1) Take 2 small potato, boil them.
2) Let it cool down peel the potato. Mash it well. Make sure there are no chunks of potato in it. It should be smooth and mashed properly.
3) Take kuttu ka atta in a bowl. Add salt and pepper. Mix well.
4) Add mashed potato and mix well.
5) Now knead into a tight dough using warm water. Cover it and let it rest for 15 minutes.
6) After that divide the dough into 7 equal portions. make smooth ball and make a small size roti
7) Now heat the oil in a pan on medium-high heat for deep frying. While oil is heating, roll few more puris and keep them on the plate.
8) Now check the oil, it should be hot. If you drop a small piece of dough into the hot oil, it will come on top immediately, meaning oil is hot. Slide one rolled puri carefully. slightly press in circular motion using spatula, so it will puff up.
Once puffed and lightly browned, flip it and cook another side.
9) Then remove it to a paper towel lined plate using slotted spatula.
Serve kuttu ki puri hot or warm.






Namak pare Recipe


Namakpare is a hit in-between all the age group everyone loves them, they are like the best snack for all the Indian households, easy to make and delicious to eat.
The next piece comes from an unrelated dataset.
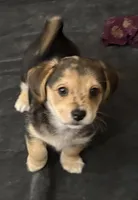 Moe, a female Pembroke Welsh Corgi and Chihuahua for sale in Columbus, OH – Photo 2 of 4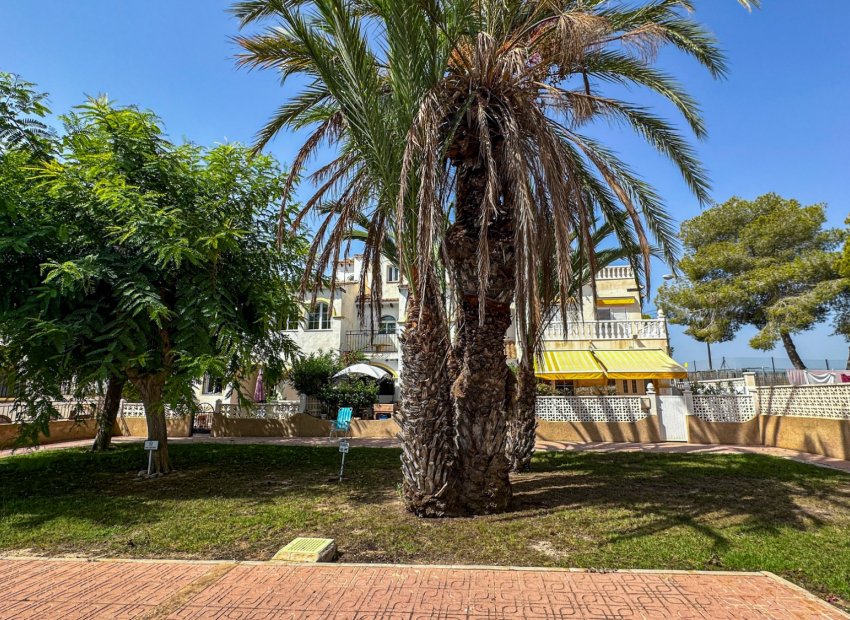 Herverkoop - Townhouse / Duplex / Corner - San Miguel de Salinas - Bellavista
So lets cook it then……                                       Average serves -10 to 12 people


Ingredients / stuff we need to prepare Namakpare:

•    maida (flour) 1 cup
•    water as required
•    2 spoon beaten curd
•    3 spoon ghee
•    1tsp Ajwain
•     Salt to taste
•    Oil for deep frying

Process


1.    Take flour add salt and ajwain. mix the curd with the rest of the flours and then add the ghee along with water and start to knead the dough.
2.    The dough should not be soft, but firm.
3.    Take medium sized balls from the dough and roll them on dusted flour.
4.    With a help of knife make criss cross patterns on the rolled dough.
5.    Deep fry them in hot oil till crisp and golden browned. Let them cool and enjoy.



Punjabi Dal Makhani



Yummlicous is the word which comes when anyone takes the name of Dal Makhani, This one is a sure short hit in all the north Indian kitchens, This goes perfect well with Rice and also with Parathas. Its simple yet fancy and loved by all.

So lets cook it then……                                                Average serves 3 - 4 people


Ingredients / stuff we need to prepare Punjabi Dal Makhani  :

•    1 cup whole black gram/whole urad dal
•    ½ cup kidney beans/rajma or may be a little less then that
•    4 cups water
•    1 tsp cumin or ½ tsp cumin powder
•    ½ tsp red chili powder
•    ½ tsp turmeric powder
•    2 medium size onion, finally chopped
•    3 medium size tomatoes.
•    1 inch ginger finally chopped
•    8-9 garlic/lahsun, finely chopped
•    1 tsp garam masala
•    2 to 3 tbsp butter or ghee or oil
•    2 to 3 tbsp full cream (optional)
•    salt as required
•    few coriander leaves for garnishing (optional)


Process

1.    Soak both rajma and urad dal overnight or for 5 to 8 hrs better to use warm water for this and do wash both before keeping it for soaking.
2.    In a pressure cooker, add dals and 1 tbsp of white butter with a pich of salt.
3.    Add water. Pressure cook for some 20 to 25 min in low flam. Once this is done do check dal is soft enough to use further else cook it for some more time till it get soften. Add water if required.
4.    Now let the dal makhani simmer in the cooker itself without the lid for 5 to  6 minutes or more till you get a smooth and creamy consistency and texture.
5.    Now take a  pan and put ghee or butter in good quantity and add the past of ginger and garlic in it once it turn brown add onion and let it get brownie and add tomato once the onion are done and put salt , red chilli powder and gram masala in it and let it simmer for good 8 to 10 mins or till the time it start leaving the butter.
6.    Once your pan masala is ready add the creamy dal in it and give it a boil and add cream if required.
7.    If you like then you can Garnish Dal Makhani with coriander- leaves. Its all ready. Now while serving it add slices of butter to that extra ting to it.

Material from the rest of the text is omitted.